As to whether people prefer VR over real activities, that's getting into the whole theoretical downside to virtual reality. Tech would have to be pretty damn good to make that a potential risk.



Captain Howdy said:


> I secretly want to see what it's like to live life as a shorter person (I'm 6'5).



6ft 6 here. It's going to be weird if most games set your height as being different from your real one, but I think there is a setting in options that let's you set a height; which games will then reference. I recall watching a talk where they set out the do's and don'ts and what you're allowed to tweak. They said such as in the case of the TF2 heavy, it can be fun to make players feel like they're a huge Russian. But there are others were if you're not careful the player will feel like they're a giraffe, or if you mess with the IPD you'll really screw up the experience.


----------



## Mikazuki Marazhu (Jan 10, 2015)

World of Warcraft

I wanna live in Howling Fjord or Grizzly Hills


----------



## ADF (Jan 10, 2015)

Mikazuki Marazhu said:


> World of Warcraft
> 
> I wanna live in Howling Fjord or Grizzly Hills



I don't think the walking systems have a place in mainstream VR, but I'm sure it's fun for the user, even if they look ridiculous.

There are apps to shoe horn VR into any 3D game you like, but they work to varying degrees of success. They tend to attach the players head movements to the mouse though.


----------



## ADF (Jan 10, 2015)

Here's an interesting interview from CES on where the Rift is at right now.

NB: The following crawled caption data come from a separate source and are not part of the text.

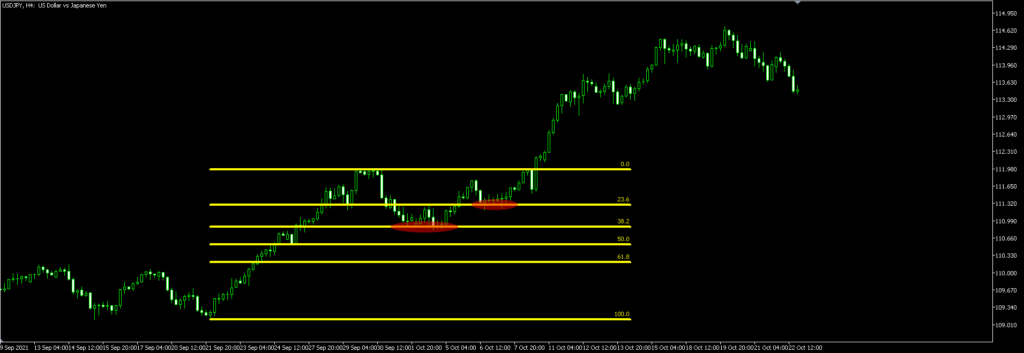 fibonacci-retracement9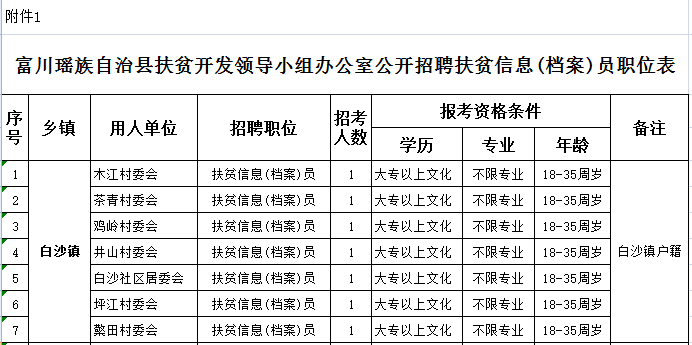 迪庆藏族自治州扶贫开发领导小组办公室招聘公告发布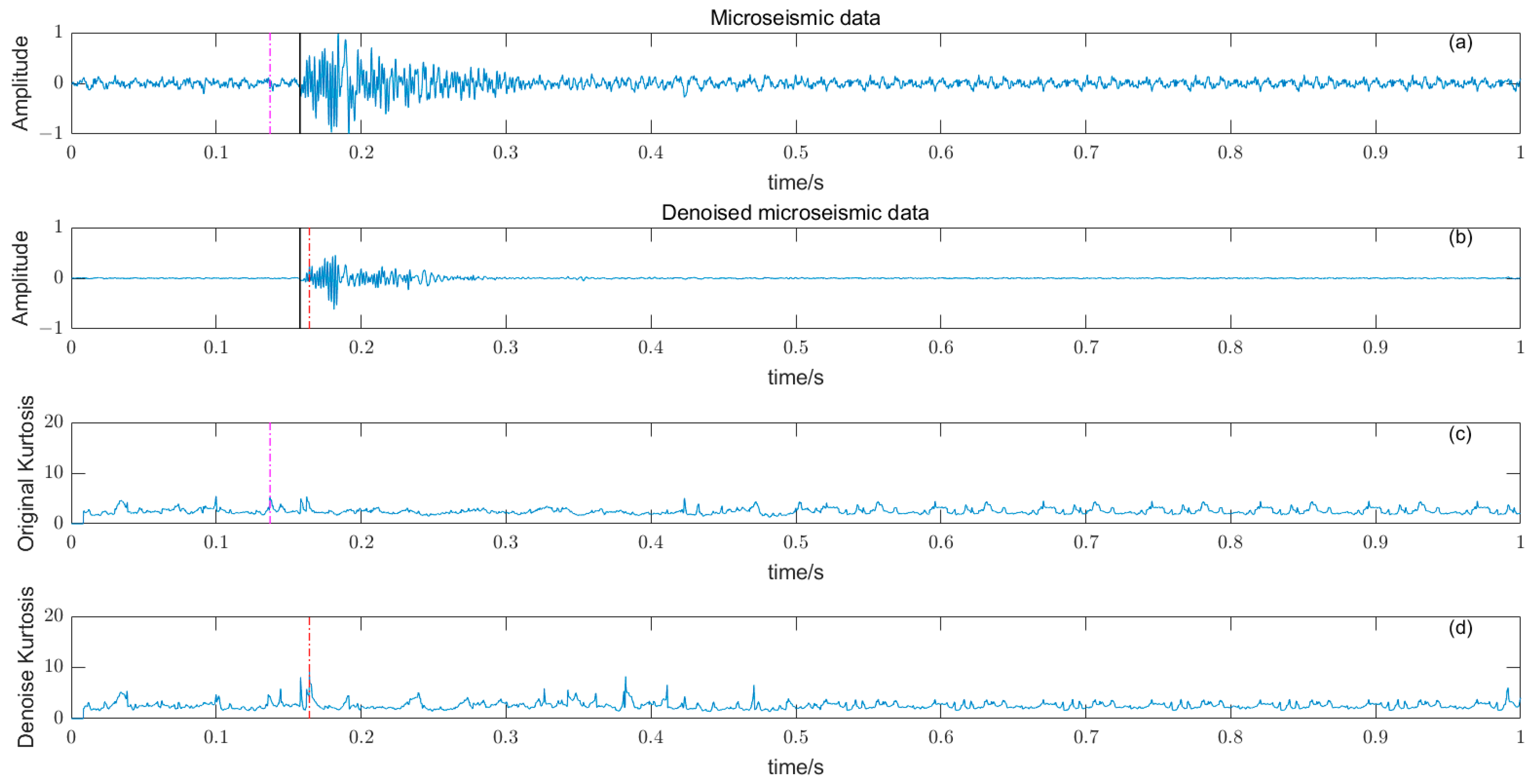Entropy 25 01451 g012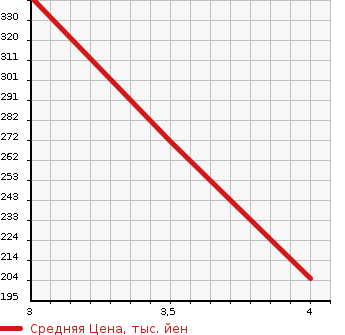Аукционная статистика: График изменения цены TOYOTA SUCCEED WAGON 2014 NCP55V в зависимости от аукционных оценок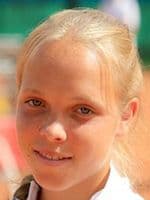 Agne Cepelyte Predictions Agne Cepelyte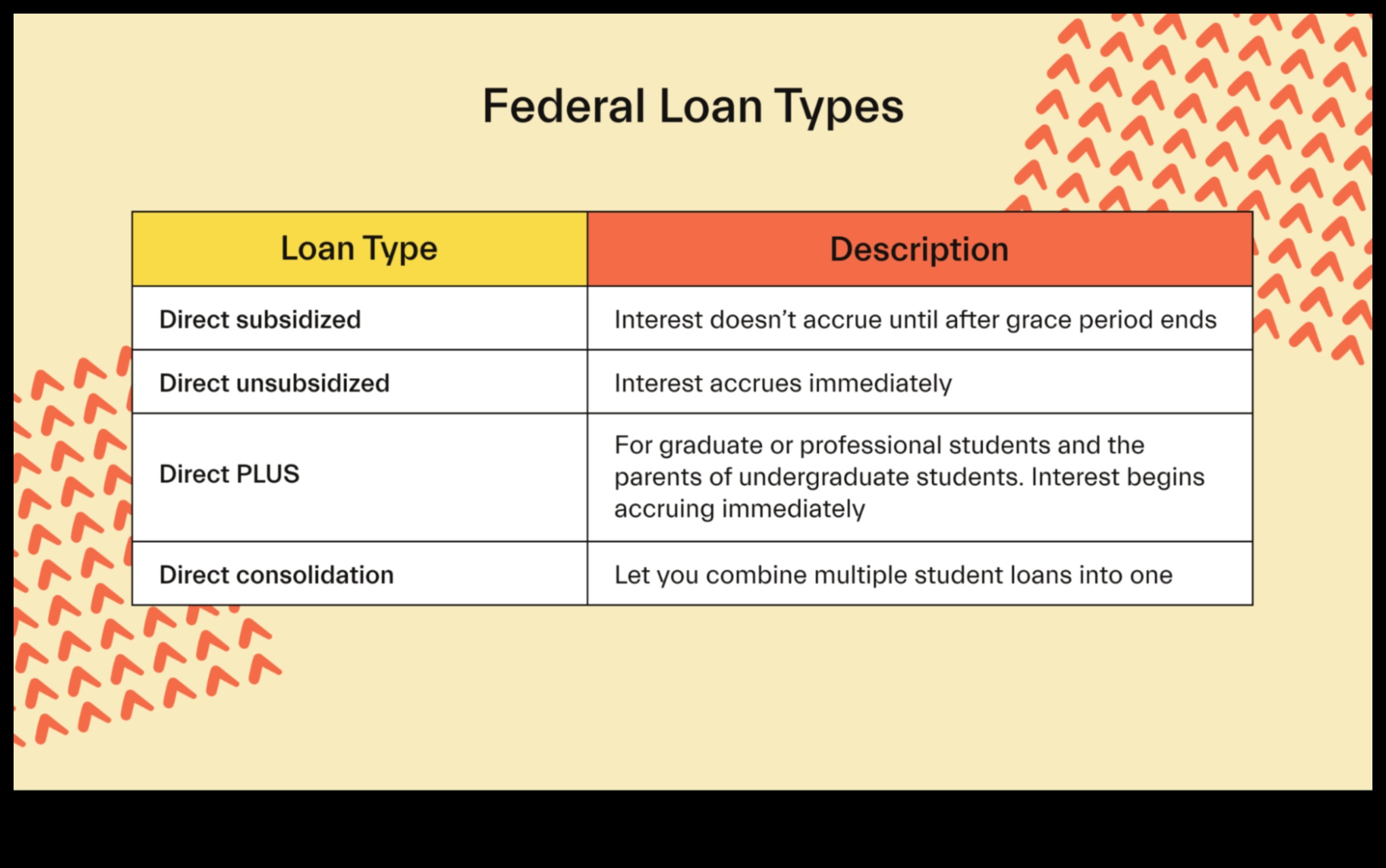 how is a student loan different from a scholarship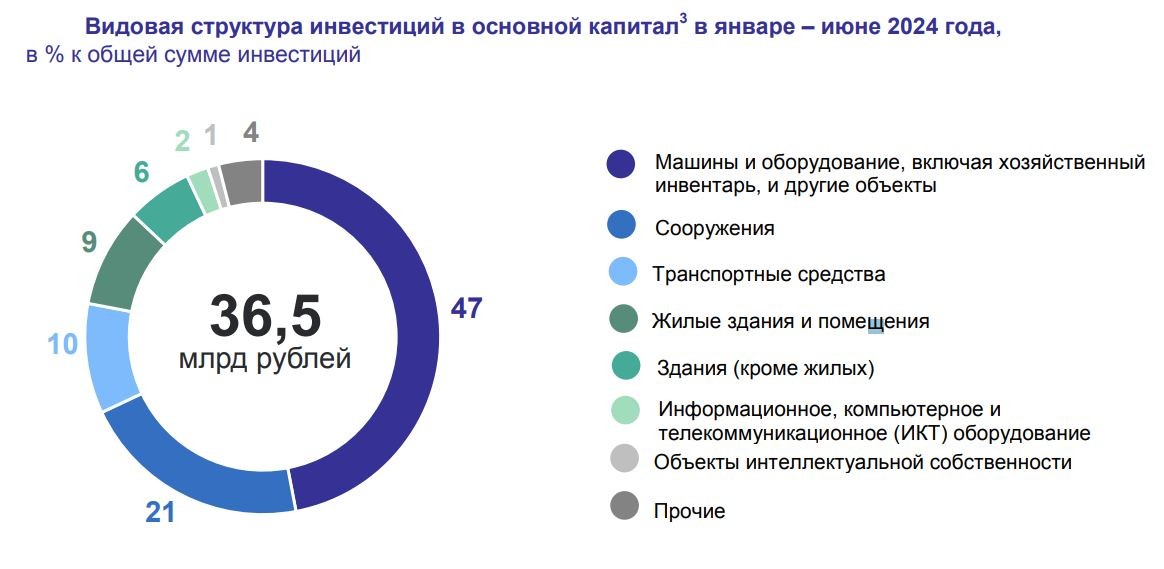 йй.JPG йй.JPG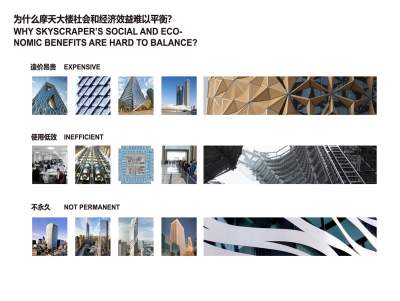 南京新街口苏宁广场设计方案PDF104页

http://youtu.be/t-IdUI0qs7w

They're trying to reduce the screen door effect with optics because we cannot get the resolution to where it needs to be with present technology. It's not necessarily created by low pixel density, though that does contribute. Higher resolutions can actually make it look worse because you're adding more black space between pixels. People have said the DK2 has a sharper image than crescent bay, but a lot of people have been tricked into thinking they're looking at a much higher resolution; because of what they've done to reduce that screen door effect.


----------



## ADF (Jan 16, 2015)

Birdy King Land 

Haven't a clue what the characters are supposed to be from, but this demo is a good example of the sort of experiences people can have that can only be done in VR. You don't get a sense of what makes it fun simply by watching a video.

Senza Peso

This old one is also quite famous as an experience, but it's a hardware hog compared to the above one; so only people with pretty high end computers can really take advantage of it. Those that can run it have claimed it brought some of them to tears.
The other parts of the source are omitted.